Here in Germany, summer time is plum cake time. As soon as they make their arrival at the farmers’ market, arrives also the immediate request from my favorite Schwabe to bake a tradition “Zwetschgenkuchen”. Not just any plum cake, but one with a crumbly topping called “Streusel” — in his opinion, very crucial to a good plum cake!
Anyone who knows me, knows that I rarely eat anything sweet, or anything resembling a cake. But admittedly, this particular one made quite the impression and I impressively savored two whole pieces of it. Not because it isn’t sweet, but rather it is less sweet. As usual, I use sugar sparingly, if at all. 1) because I have a sugar intolerance 2) the terrible effects of overconsumption 3) and actually, I don’t crave it.

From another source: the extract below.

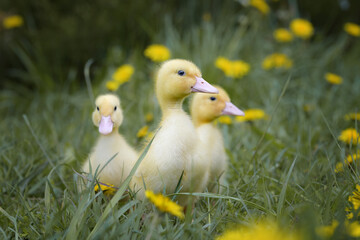 A flock of little elk ducklings among grass and flowers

German Plum Cake — what a treat!
What is fantastic about this cake is the combination of sweet and sour. That’s exactly what I love about it. The plums used in this recipe are called “Zwetschge”, a popular European-style plum (also referred to as Italian Prune Plum or Empress Plum). They are small, dense and have a dark blueish or purple skin and are perfect for baking as they hold their form really well. I have come to know Germany as the land of cakes. A country with a weekly ritual of coffee and cake. That’s right on Sunday, you may just receive an invite. Yes, let’s eat cake!

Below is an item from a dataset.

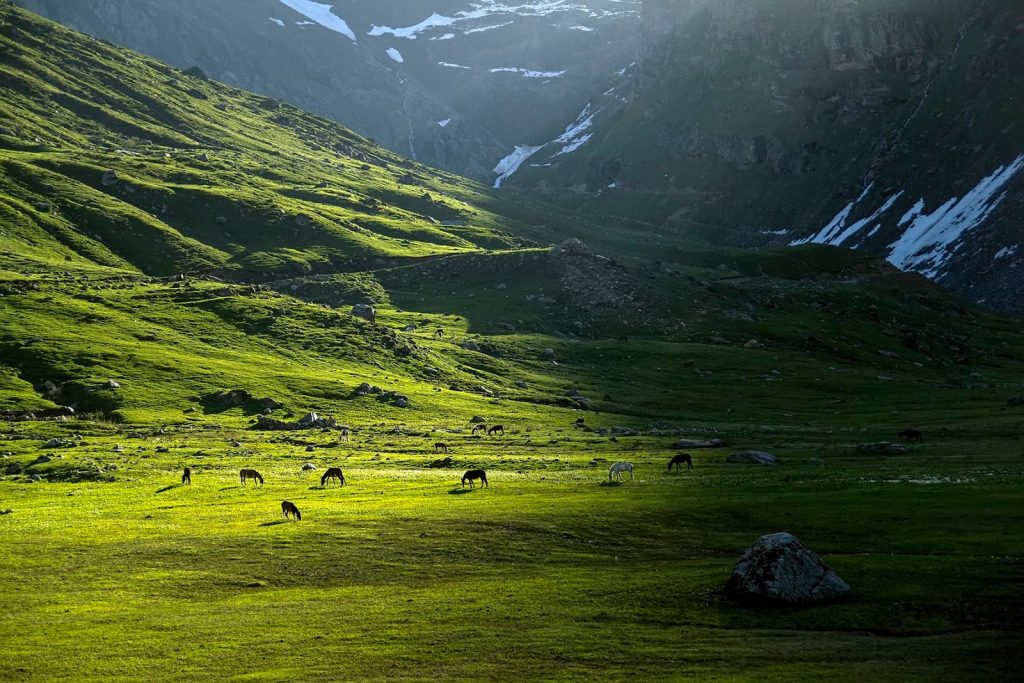 Shounter Valley Azad Kashmir 1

This summer, we are spending a couple weeks in a lovely house with a terrace and large garden in Kleinmachnow near Berlin. Kleinmachnow may sound foreign, but actually the villages around here are a pretty popular spots for wealthy Berliners escaping the city buzz (and rappers like Bushido I am told). There is so much to offer here, making it a wonderful destination for a family with kids. There is the attractiveness of the beautiful Wannsee, loads of nature for biking and jogging, and it’s still only short ride into the center of Berlin. Not to mention, Berlin seems to be at least 5 degree warmer in summer than Hamburg.

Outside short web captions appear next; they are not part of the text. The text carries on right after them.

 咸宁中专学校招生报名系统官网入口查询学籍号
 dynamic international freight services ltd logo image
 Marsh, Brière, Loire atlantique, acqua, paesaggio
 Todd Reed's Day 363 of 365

So as I stumbled across these purple beauties at the local farmers’ market…actually my favorite Schwabe once again pointed them out…yes, I will bake a cake. But what is nicer than to write out a recipe in an idyllic garden with the sounds of a woodpecker in the tree and a couple cheeping chickens from the neighbors garden. Naturally, as I sit here enjoying yet another piece of German plum cake. 🙂
German Plum Cake (Zwetschgenkuchen)
- 1 1/2 cups pastry flour (type 450) (180 g)
- 1 1/2 teaspoons baking powder
- 1/4 teaspoon salt
- 6 tablespoons unsalted butter, brought to room temperature
- 1/4 cup organic cane sugar (50 g)
- 2 large eggs
- 1 teaspoon pure powdered vanilla, or seeds of one vanilla bean
- 1 x 150 g container crème fraîche
- 24 small plums, halved and pitted (about 0.5 kg)
For the streusel topping:
- 1/2 cup pastry flour (type 405) (60 g)
- 4 tablespoons unsalted butter, brought to room temperature
- 1/4 cup organic cane sugar (50 g)
- 1/2 teaspoon cinnamon, optional
Preheat oven to 350° F / 180°C. Butter a 29 cm round ovenproof dish or springform pan.
Sift the flour, baking powder and salt into a small bowl.
Using electric mixer, beat 6 tablespoons butter with 1/4 cup sugar in large bowl until well combined. Add the vanilla and beat in the eggs one at a time, for about 4 minutes. Set speed on slow and slowly mix in a third of the flour mixture, then add half the crème fraîche, followed by another third flour, the remaining crème fraîche, and finally the rest of the flour. Do not over mix. Spread batter in the prepared pan.
Arrange the plum halves, cut side up, in a circular pattern on top of the batter.
Mix the streusel topping ingredients together in small bowl until combined. Dot the streusel topping over plums.
Bake the cake until the top is golden and a toothpick inserted into center comes out clean, about 45-50 minutes. Remove from the oven and transfer to a cooling rack. Cool until just warm, about 30 minutes, or to room temperature. Enjoy!